------ Exercise inputs
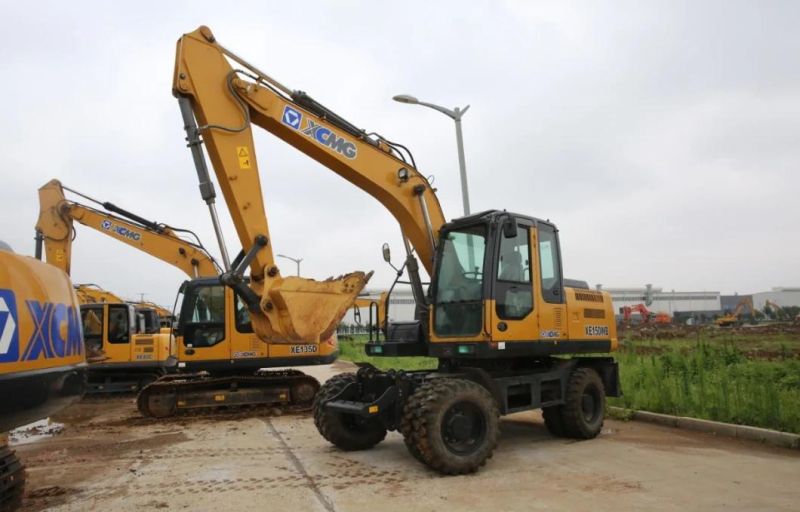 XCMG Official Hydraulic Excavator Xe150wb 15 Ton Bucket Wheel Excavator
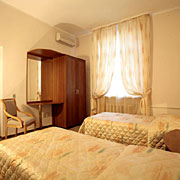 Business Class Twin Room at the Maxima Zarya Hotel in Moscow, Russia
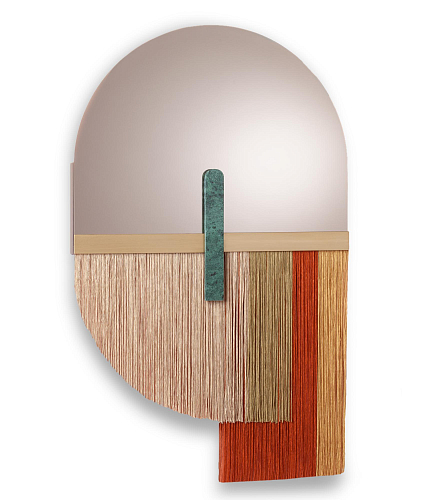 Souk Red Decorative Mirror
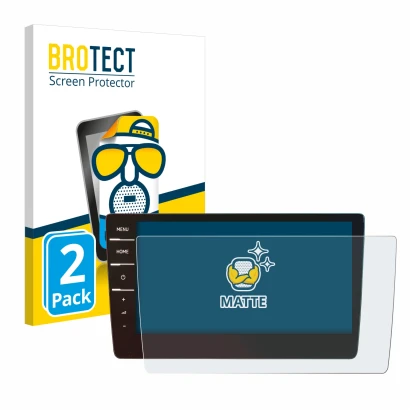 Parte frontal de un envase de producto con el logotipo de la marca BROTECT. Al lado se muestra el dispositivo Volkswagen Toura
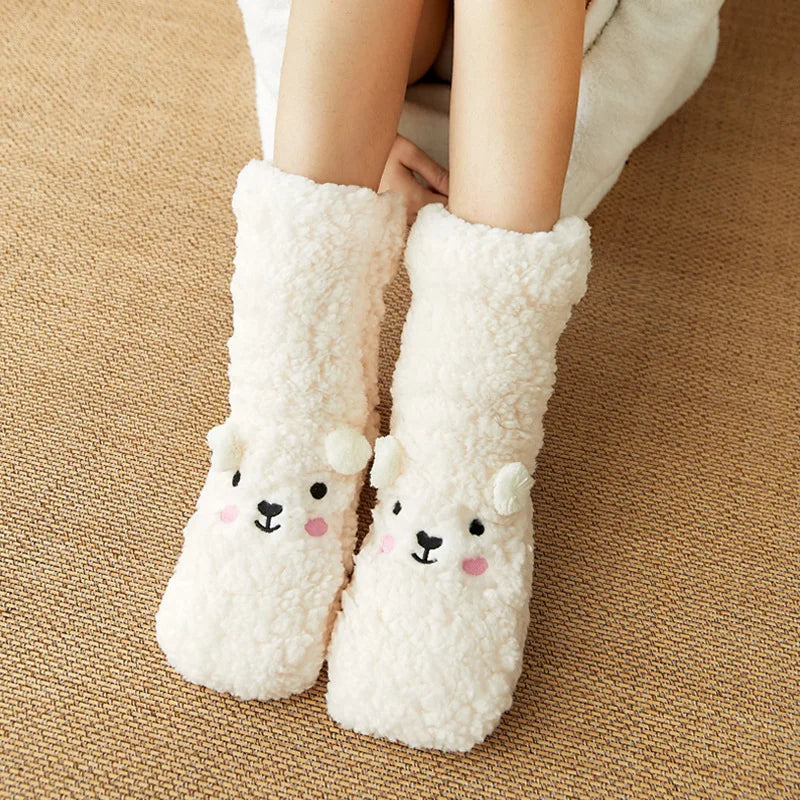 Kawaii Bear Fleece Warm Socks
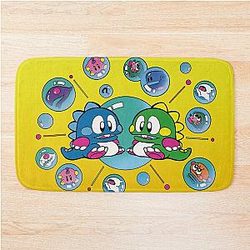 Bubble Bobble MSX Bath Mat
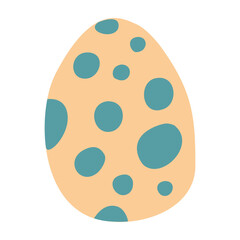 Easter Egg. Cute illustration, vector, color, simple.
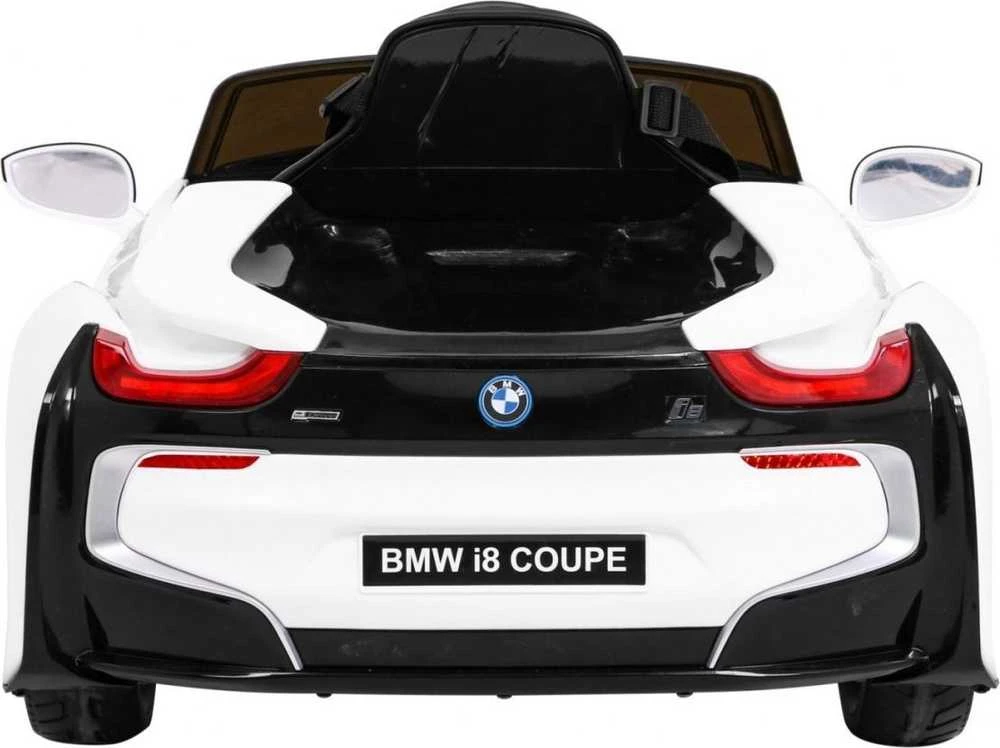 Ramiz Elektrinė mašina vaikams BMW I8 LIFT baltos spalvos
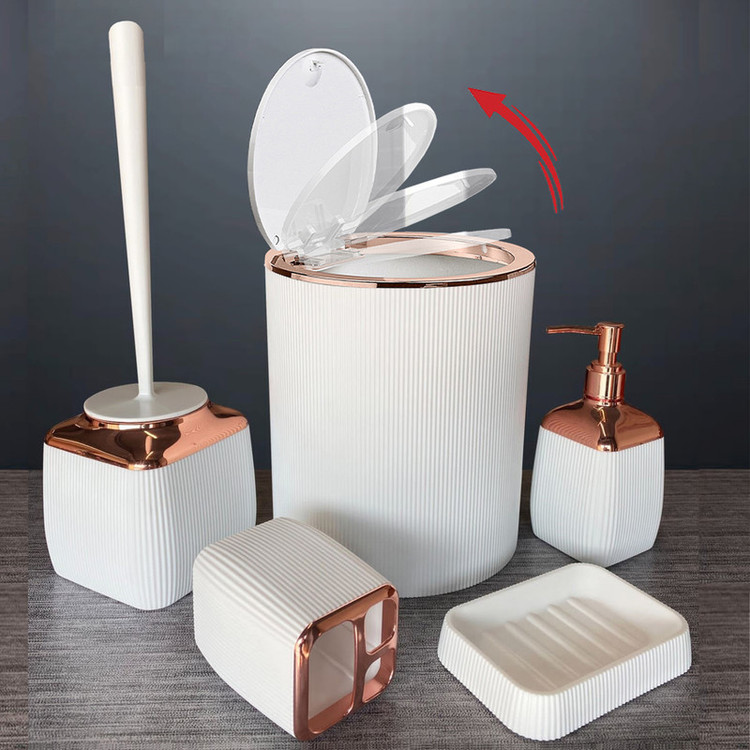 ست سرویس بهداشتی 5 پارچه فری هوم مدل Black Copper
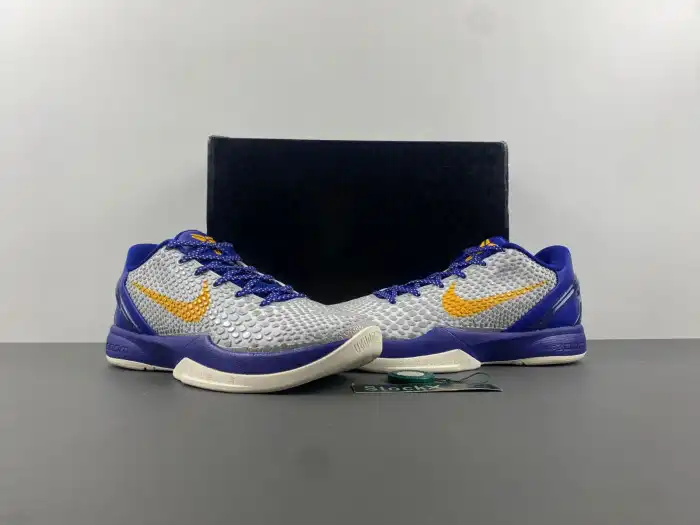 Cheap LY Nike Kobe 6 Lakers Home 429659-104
------------
------ Exercise inputs
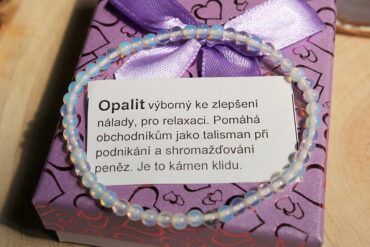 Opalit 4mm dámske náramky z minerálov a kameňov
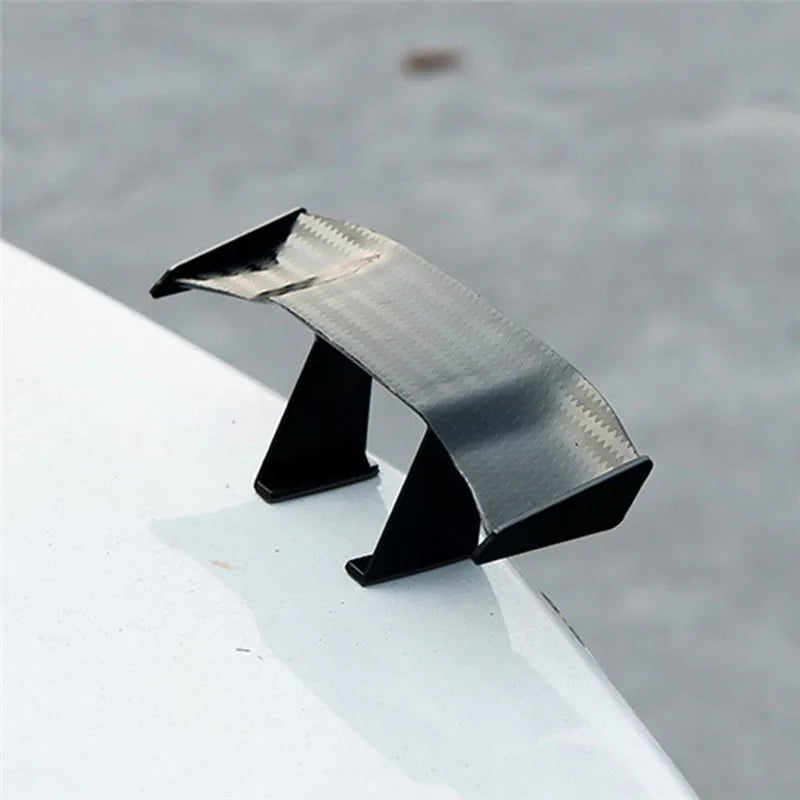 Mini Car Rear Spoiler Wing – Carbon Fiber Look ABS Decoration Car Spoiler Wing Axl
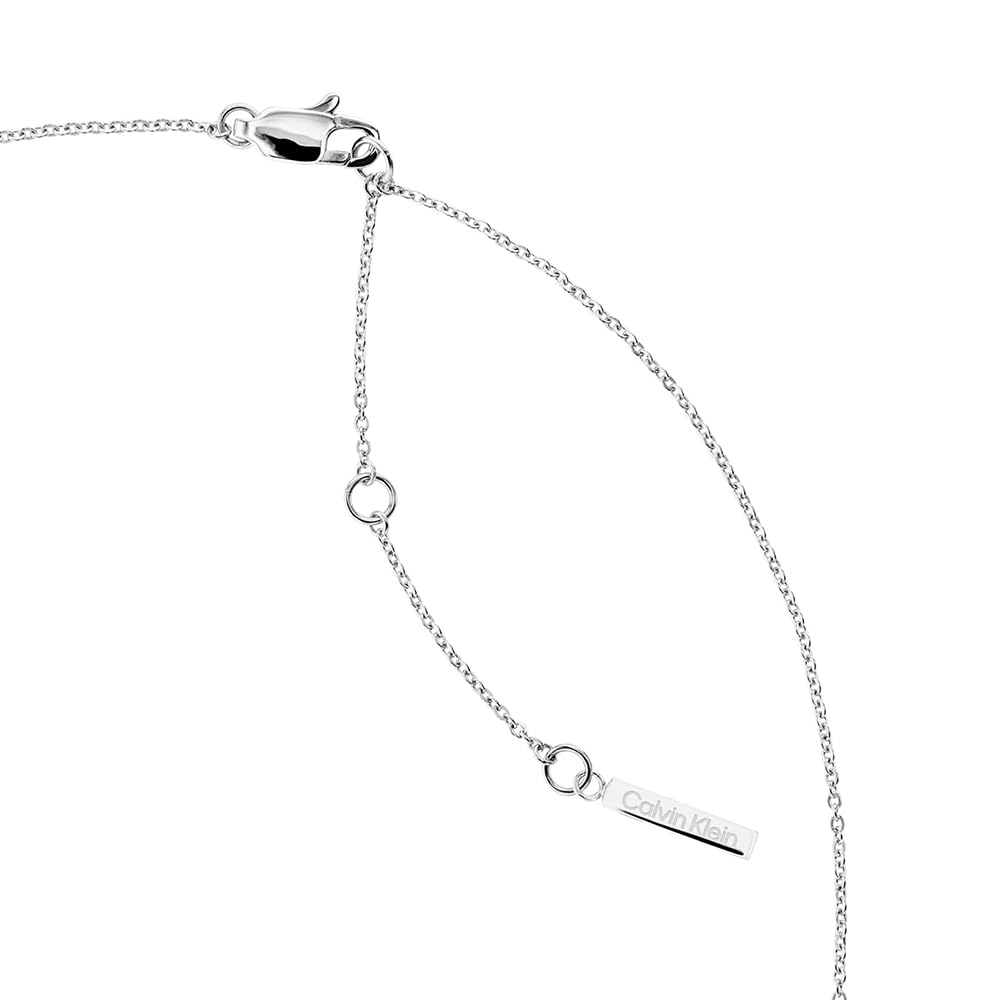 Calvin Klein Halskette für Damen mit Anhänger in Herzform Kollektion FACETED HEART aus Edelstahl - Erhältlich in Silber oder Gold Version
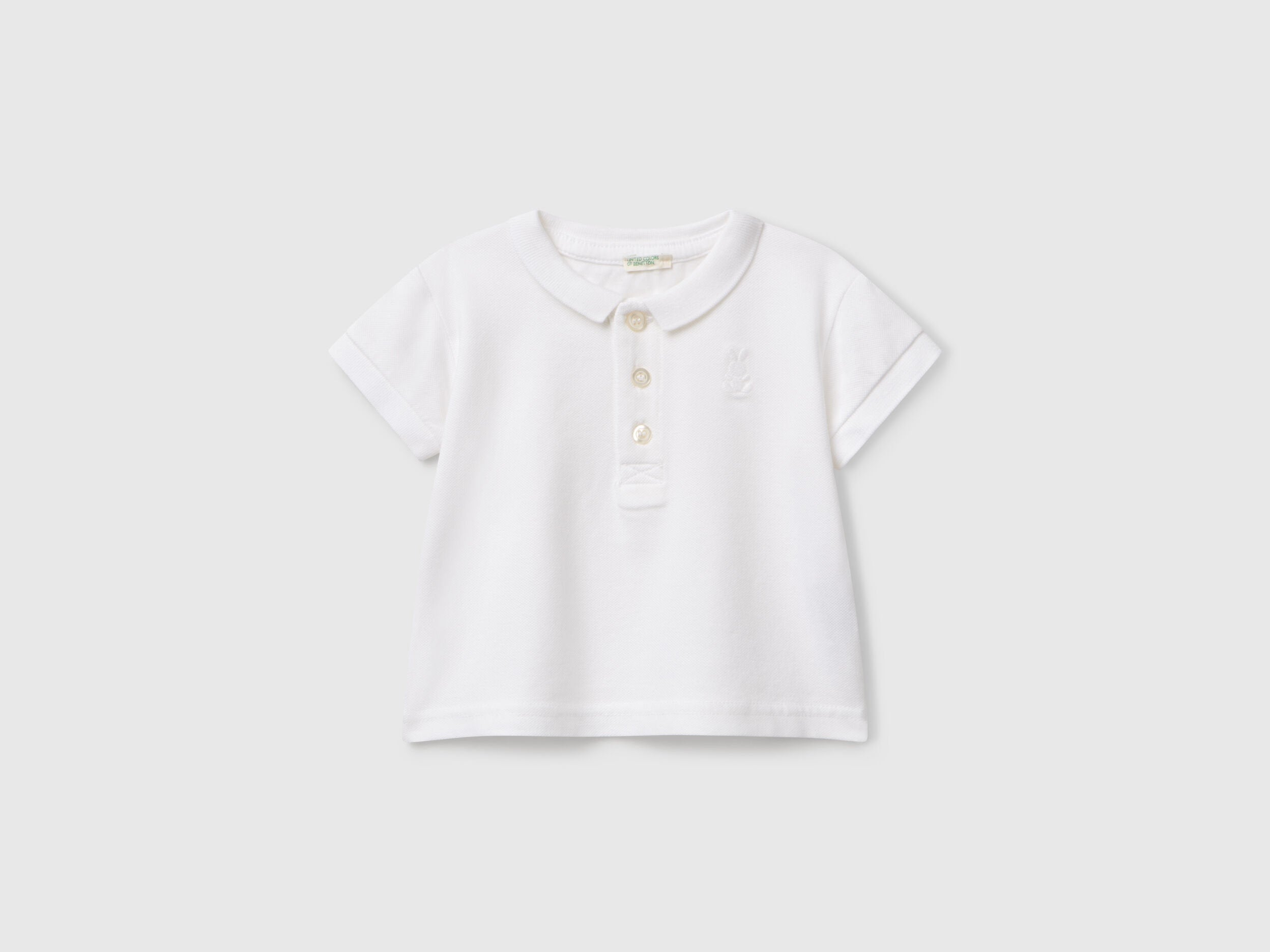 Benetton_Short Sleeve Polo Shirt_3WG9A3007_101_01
------------
------ Exercise inputs
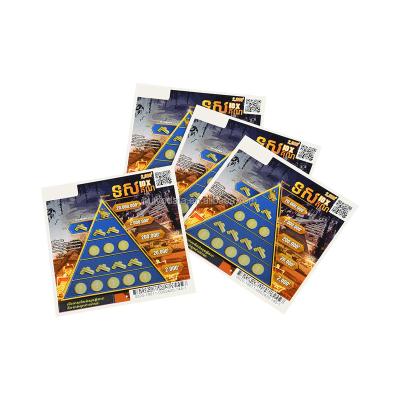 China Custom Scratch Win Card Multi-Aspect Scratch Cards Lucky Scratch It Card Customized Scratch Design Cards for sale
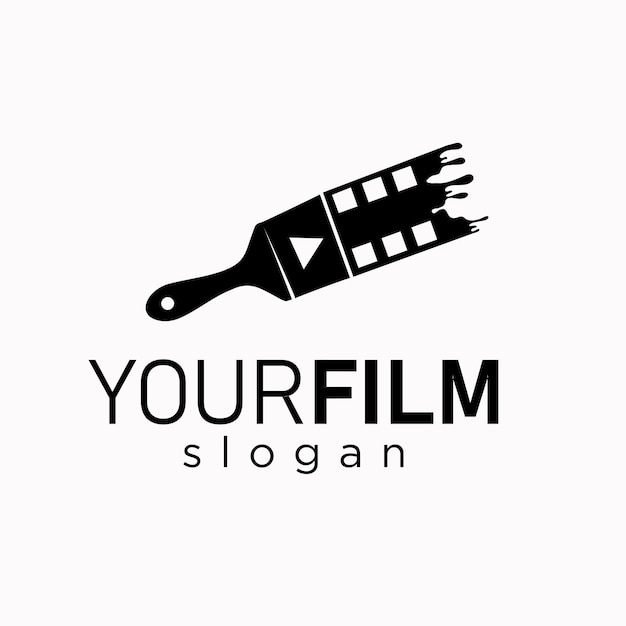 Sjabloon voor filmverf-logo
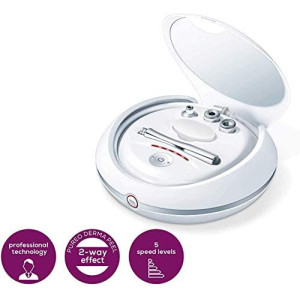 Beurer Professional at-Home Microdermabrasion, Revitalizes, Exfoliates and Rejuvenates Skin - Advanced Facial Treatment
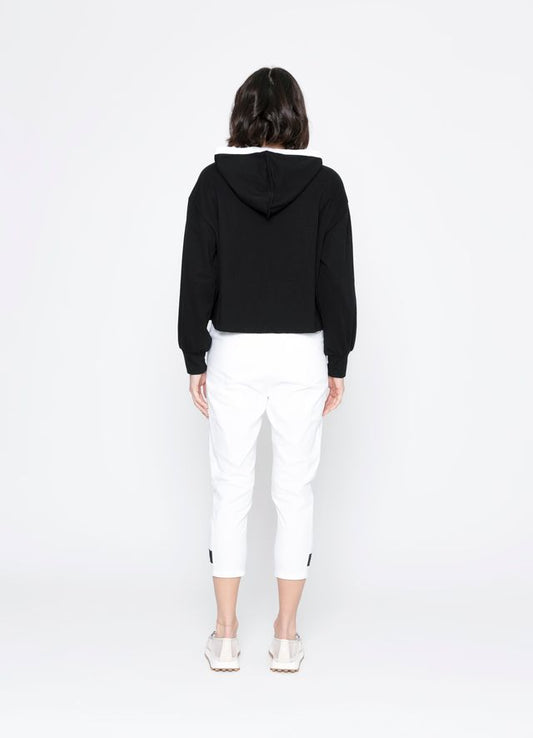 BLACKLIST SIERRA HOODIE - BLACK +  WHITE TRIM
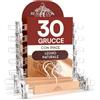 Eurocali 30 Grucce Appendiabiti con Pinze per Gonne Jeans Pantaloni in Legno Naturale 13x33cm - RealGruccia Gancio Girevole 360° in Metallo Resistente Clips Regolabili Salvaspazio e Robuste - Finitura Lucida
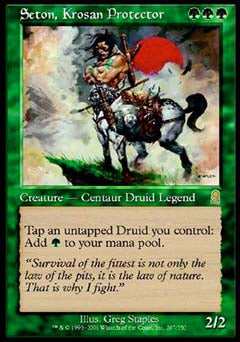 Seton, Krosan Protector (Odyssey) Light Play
------------
◆ What to produce: Exactly the lines starting at the one above with "Calvin Klein Halskette" and ending at the one with "Benetton_Short Sleeve Polo" should be printed, and nothing else. Omit the pictures.

◆ Answer box:
 Calvin Klein Halskette für Damen mit Anhänger in Herzform Kollektion FACETED HEART aus Edelstahl - Erhältlich in Silber oder Gold Version
 Benetton_Short Sleeve Polo Shirt_3WG9A3007_101_01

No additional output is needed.